Should you trust your HCM Dashboards?

Every dashboard and analytic I have ever delivered has been 100% accurate in every way shape and form. If you believe that, then you’d also believe that I can bike as fast as Lance Armstrong. All jokes aside, I would like to be able to deliver a 100% accurate dashboard but I accepted early on that this is nearly impossible and that this is not a problem just in HCM but across all areas. Just to clarify, I am not talking about the simple analytics such as ‘performance rating distributions’ or ‘jobs currently not in use’ which can be put in an excel spreadsheet. Those can and should always be accurate. I’m talking instead about complex analytics such as ‘headcount trending’ or ‘workforce profitability’ which require trending, complex calculations, roll ups by multiple hierarchies, etc. Generally, complex analytics are hard to do and simple to get wrong.
In your first iteration of a headcount report, it is unlikely you will be able to deliver the full picture.
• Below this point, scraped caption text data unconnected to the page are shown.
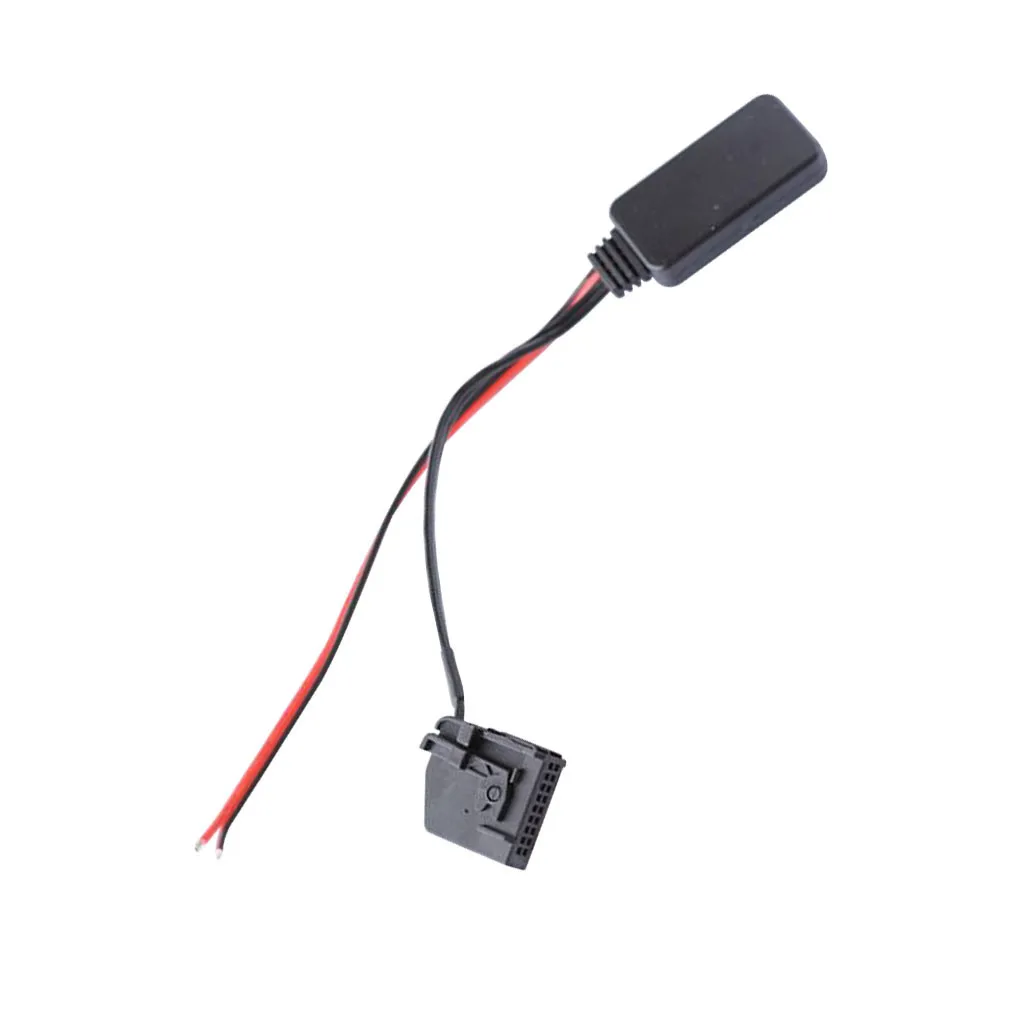 Франшиза автомобильный стерео для Bluetooth беспроводной AUX адаптер Volkswagen Audi Ford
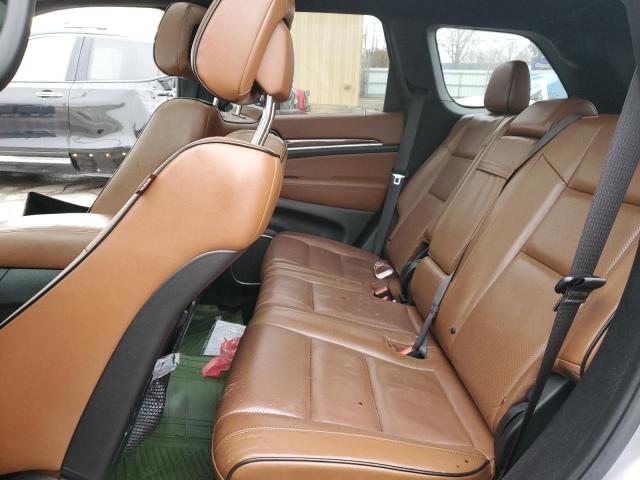 Photo 11 from auction – 2021 JEEP GRAND CHER with VIN 1C4RJFCT8MC600024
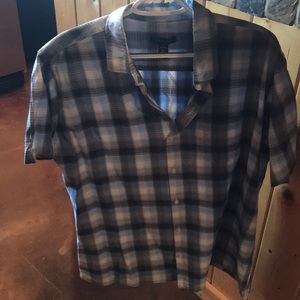 Van Heusen shirt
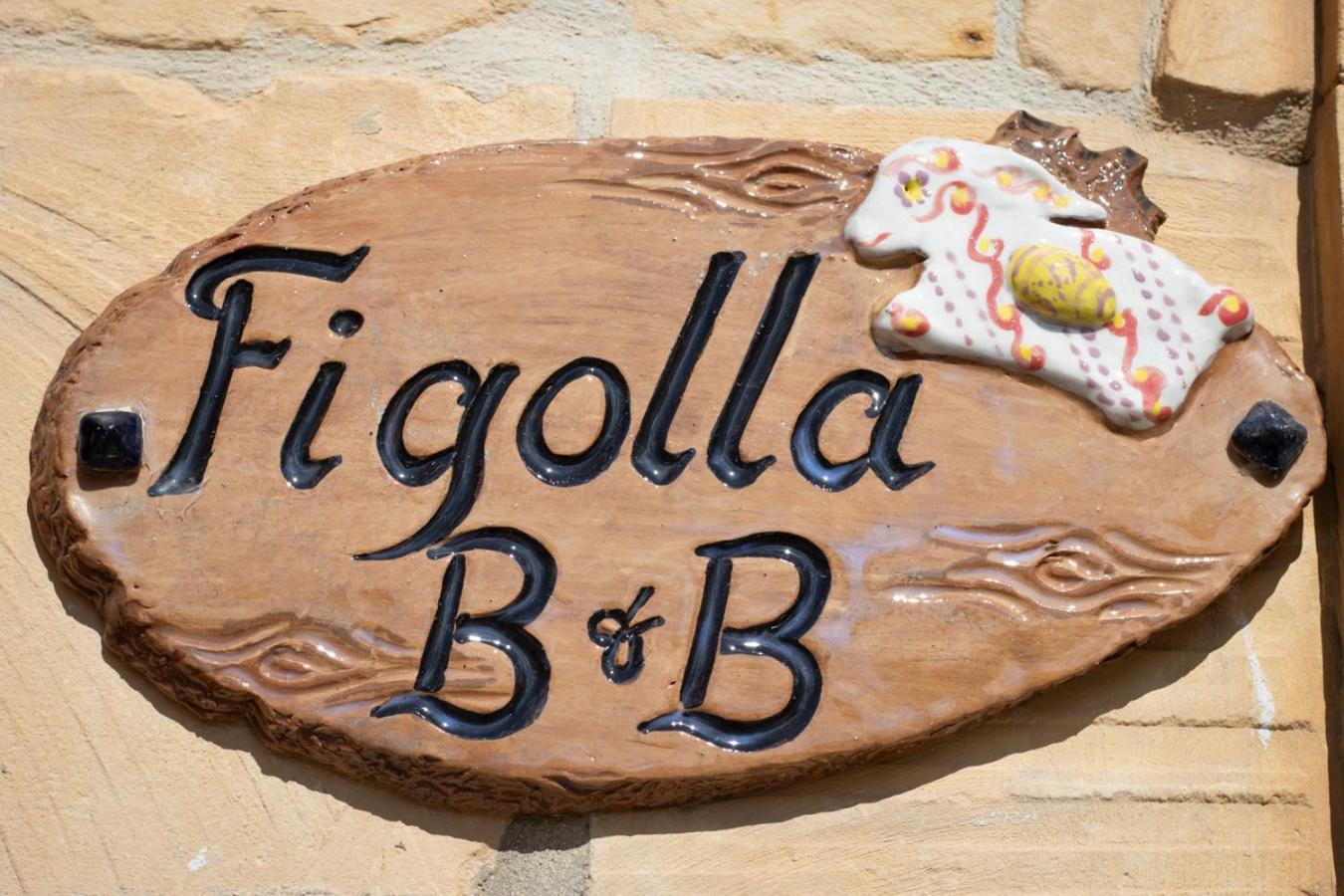 Il Figolla B&B Xaghra Exterior photo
The mainstays of a 1st iteration of a headcount report are; headcount by supervisory and/or department hierarchy, types of movement in the organization (e.g. hire, fire, transfer, loa), employee vs. contingent, and maybe some trending. This is not by any means a complete picture and to get that, you’ll need to add things like all worker types (e.g. vendors, partners, etc), matrixed organizations, headcount by project, etc. These are things that you may never be able to deliver on.
Just to make you feel a bit better, you will also with 100% certainty, have data integrity issues and most likely a calculation error or two. Getting manager to manager transfers within the same department to roll up the organizational hierarchy correctly to the VP who wants to see Internal Mobility is a surprisingly tricky thing to get right.
With this in mind you will need to head off the inevitable calls telling you that your dashboards are inaccurate and thus unusable. Although it may seem counterproductive, you should tell your consumers that there will be errors but you’re working on corrections and you can do this by/ through:
- a formal statement someplace in your dashboards which informs your consumers on how to report an error
- a link to a document that has all the definitions, calculations and data sources for all of your analytics within the dashboards
- While pretty graphs are great for instantly communicating lots of aggregated and calculated information; for determining root cause analysis however and for ultimately taking corrective action, the consumer needs to look at underlying information (e.g. a simple turnover graph that can drill into a table separating turnover by locality, job, performance ratings etc).
- associating accuracy and usage information to each of your analytics; similar to the score you’d see when deciding what latest mobile app to download for example. This way you can focus your efforts on either correcting an issue, various improvements or discontinuing now irrelevant dashboards and analytics
- placing your release or revision date someplace prominently on your dashboards and linking it to your release schedules
Complex analytics and dashboards are hard and I wish you luck with them - knowing and admitting publically that there will be problems with these, will go a long way in giving you credibility and leeway in getting them corrected.